Monday, July 23, 2007

gdb and multicore are mutually exclusive

I've spent the last few days looking at debugging technology for multicore chips with a view towards real-time embedded with volume applications. In this mix I'm including FPGA solutions which will soon offer the capability to have many cores on one chip, particularly given the Altera C to H compiler and NIOS as well as the offerings of their main competitor Xlinx.

My initial look for debugging solutions is clearly to have a debugger which supports many processors and has a simple user interface. After the last Multicore Expo it was clear that heterogeneous processors were necessary and that it was highly likely that collections of networked and shared memory processors would exist as part of a complex multicore processor.

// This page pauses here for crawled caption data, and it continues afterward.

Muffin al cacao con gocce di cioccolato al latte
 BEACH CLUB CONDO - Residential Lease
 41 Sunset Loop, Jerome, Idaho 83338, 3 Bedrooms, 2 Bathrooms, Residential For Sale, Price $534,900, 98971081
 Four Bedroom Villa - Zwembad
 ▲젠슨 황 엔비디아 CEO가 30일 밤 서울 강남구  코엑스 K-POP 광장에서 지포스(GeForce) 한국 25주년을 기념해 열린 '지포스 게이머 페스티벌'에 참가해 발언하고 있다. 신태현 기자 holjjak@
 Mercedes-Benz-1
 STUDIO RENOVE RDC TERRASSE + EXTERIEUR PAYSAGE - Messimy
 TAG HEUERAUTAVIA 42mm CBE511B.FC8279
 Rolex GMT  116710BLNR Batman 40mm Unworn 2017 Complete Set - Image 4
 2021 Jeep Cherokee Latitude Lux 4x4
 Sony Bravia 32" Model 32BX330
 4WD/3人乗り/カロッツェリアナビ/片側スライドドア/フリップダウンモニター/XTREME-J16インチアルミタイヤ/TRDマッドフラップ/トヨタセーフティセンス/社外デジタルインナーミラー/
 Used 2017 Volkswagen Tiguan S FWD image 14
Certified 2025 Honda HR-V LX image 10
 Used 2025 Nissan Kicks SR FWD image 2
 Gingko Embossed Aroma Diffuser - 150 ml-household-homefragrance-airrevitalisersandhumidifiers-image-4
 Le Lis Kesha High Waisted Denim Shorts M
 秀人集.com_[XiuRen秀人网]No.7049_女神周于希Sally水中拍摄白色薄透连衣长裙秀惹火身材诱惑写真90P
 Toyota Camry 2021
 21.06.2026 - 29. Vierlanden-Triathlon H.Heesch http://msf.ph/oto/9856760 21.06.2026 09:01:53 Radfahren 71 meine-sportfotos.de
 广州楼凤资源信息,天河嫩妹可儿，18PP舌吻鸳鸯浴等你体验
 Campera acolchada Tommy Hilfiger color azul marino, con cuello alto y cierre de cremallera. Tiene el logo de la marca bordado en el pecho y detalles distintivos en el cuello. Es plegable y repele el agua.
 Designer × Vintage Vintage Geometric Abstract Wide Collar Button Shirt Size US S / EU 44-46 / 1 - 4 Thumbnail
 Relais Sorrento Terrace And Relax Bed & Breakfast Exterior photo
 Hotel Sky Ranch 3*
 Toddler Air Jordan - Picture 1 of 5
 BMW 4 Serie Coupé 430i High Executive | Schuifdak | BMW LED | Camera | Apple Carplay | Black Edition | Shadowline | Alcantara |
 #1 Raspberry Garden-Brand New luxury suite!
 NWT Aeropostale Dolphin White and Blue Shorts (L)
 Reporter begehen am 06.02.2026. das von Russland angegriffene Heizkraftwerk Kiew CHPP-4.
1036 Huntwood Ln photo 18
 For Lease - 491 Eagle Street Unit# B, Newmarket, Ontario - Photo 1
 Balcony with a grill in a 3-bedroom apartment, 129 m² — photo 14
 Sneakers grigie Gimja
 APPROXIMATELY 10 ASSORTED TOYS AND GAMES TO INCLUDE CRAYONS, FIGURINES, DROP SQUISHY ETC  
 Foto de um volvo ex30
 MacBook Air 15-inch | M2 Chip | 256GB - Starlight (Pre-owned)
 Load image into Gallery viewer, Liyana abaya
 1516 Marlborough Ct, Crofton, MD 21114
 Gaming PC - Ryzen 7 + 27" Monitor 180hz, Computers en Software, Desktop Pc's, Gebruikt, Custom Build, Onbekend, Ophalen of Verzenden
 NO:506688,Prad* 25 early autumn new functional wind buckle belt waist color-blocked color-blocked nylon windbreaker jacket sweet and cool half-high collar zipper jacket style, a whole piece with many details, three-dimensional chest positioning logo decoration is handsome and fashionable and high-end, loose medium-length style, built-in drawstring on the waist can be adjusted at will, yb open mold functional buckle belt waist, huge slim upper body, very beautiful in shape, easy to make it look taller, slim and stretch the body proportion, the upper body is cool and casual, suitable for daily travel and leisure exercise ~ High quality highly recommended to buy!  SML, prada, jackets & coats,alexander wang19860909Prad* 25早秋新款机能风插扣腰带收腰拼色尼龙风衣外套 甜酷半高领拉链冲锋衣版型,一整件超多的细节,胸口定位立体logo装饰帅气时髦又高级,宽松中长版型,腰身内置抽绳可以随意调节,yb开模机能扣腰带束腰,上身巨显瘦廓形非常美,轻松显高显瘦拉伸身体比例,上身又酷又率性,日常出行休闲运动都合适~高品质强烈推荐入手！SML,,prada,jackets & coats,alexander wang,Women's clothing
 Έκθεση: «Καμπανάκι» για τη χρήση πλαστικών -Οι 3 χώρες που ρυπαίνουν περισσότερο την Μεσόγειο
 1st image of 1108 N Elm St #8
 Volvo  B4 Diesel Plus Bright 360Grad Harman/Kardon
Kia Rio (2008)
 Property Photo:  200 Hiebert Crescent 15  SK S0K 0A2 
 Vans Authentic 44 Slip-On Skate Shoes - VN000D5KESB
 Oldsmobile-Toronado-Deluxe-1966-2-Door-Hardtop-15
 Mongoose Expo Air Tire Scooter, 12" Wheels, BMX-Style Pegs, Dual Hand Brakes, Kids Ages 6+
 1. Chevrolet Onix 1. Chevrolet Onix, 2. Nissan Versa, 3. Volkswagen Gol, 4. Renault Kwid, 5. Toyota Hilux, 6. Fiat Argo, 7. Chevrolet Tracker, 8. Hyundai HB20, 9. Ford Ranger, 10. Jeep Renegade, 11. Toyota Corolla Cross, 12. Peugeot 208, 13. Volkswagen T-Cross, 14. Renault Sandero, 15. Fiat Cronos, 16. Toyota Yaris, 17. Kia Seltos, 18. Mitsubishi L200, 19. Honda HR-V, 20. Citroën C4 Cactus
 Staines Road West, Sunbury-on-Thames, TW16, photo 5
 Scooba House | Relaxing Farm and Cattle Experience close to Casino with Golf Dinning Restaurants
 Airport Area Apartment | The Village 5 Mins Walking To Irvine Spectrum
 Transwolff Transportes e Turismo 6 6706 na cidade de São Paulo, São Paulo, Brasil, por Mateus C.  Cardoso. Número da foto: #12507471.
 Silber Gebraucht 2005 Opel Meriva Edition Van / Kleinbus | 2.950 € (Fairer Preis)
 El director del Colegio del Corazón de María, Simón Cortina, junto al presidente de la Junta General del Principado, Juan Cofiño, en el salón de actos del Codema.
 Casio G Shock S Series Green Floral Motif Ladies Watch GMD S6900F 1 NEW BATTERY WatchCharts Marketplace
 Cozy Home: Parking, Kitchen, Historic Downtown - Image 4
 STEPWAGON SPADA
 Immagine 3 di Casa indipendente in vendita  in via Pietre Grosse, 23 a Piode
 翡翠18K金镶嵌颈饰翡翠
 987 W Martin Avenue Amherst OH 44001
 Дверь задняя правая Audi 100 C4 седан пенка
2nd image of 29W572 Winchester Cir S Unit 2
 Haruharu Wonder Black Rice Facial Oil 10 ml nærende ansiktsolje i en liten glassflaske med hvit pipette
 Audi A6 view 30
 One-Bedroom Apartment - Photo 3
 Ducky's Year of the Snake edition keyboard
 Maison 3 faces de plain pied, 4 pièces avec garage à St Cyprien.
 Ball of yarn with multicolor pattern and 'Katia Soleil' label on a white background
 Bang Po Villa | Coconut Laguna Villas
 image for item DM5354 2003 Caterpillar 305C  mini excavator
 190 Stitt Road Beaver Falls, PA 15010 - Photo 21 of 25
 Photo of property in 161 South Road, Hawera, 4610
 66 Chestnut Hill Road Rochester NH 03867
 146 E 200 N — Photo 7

First, I think the case where many cores are on a chip requires some hardware assist on the chip to support debugging. Multicore register access and a stop all cores capability will be added to most chips but this is largely unsuitable for many applications. Emulator people will be happy but real applications will have to run partially with some ability to control the rest of the application to support debugging. Emulator type solutions could do this but with a severe performance penalty that gets worse as the number of cores grow (using traditional approaches).

To do this type of debugging, a kernel must be running on the chip and there has to be some common debugger interface that talks to the system under test. The connection could be multiple or a single multiplexed connection - it makes little difference in most applications. The debugger on the other hand, must understand the processor type that it is debugging and talk to the common graphical user interface to provide debugging support across all the cores.

I was looking at gdb to solve some of these problems and it seems that it might do a half a job in the case where all the cores run some huge kernel, but it is completely unsuitable in the case where many independent cores running a small kernel are communicating to solve a problem.

For a start, it is highly complex for absolutely no reason. The remedy debugger meets almost all criteria to do this with 10% of the bulk of gdb and far less complexity. What went wrong here? How did the debugger get so large and complex with no apparent value added? It is not that remedy is much less functional, as a matter of fact, it offers support for 8 processor types and the user can select any one of them for any core on the fly. Doing a port for a new processor is much simpler too - the disassembler is separate, the register understanding and memory/stack unravelling is done with a few simple routines which are easily understood and the symbol table info is relatively standard.

It would be great if someone could provide some insight to me and others on this issue. I don't relish porting remedy to a raft of new processors that gdb already supports but it seems like it will be less work and better functionality in the long run.

I should add here that this is for this specific case that gdb seems less than attractive. For the case of debugging a single core, it does the job. The downside is that it likely takes months to do a new processor type instead of a few weeks because of all the extra complexity.